## TASK DIRECTIONS
For this task, output exactly the lines of the material below starting at the line with "a room with" and ending at the line with "High impregnable rock"; pictures are to be excluded.

SOURCE MATERIAL Block Start

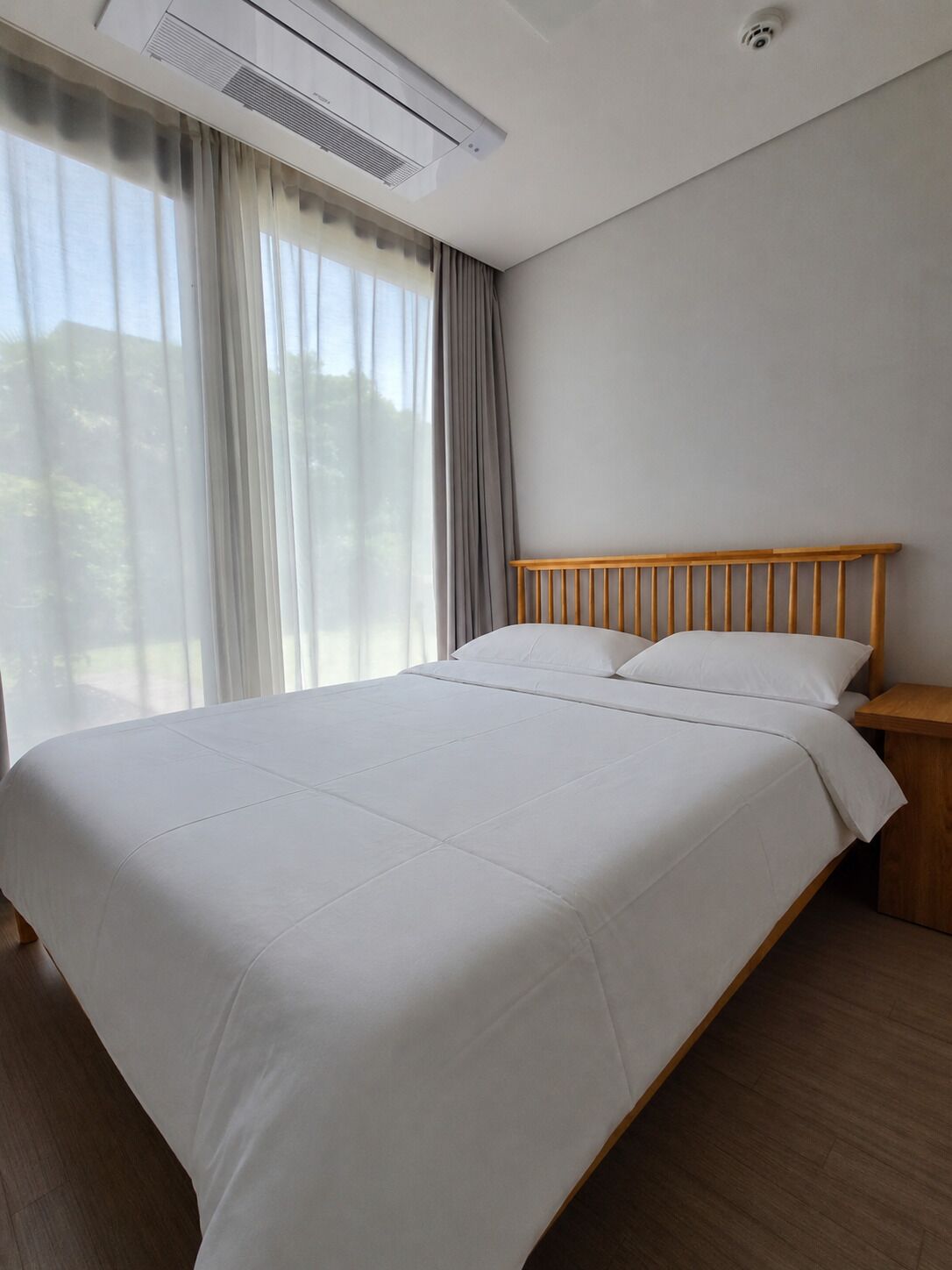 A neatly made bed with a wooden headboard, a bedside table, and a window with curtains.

SOURCE MATERIAL Block End
SOURCE MATERIAL Block Start

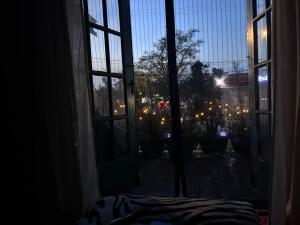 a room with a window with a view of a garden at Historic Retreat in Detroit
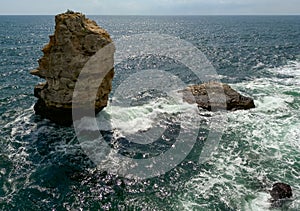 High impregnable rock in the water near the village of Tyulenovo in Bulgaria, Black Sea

SOURCE MATERIAL Block End

## FINISHED EXERCISE
 a room with a window with a view of a garden at Historic Retreat in Detroit
 High impregnable rock in the water near the village of Tyulenovo in Bulgaria, Black Sea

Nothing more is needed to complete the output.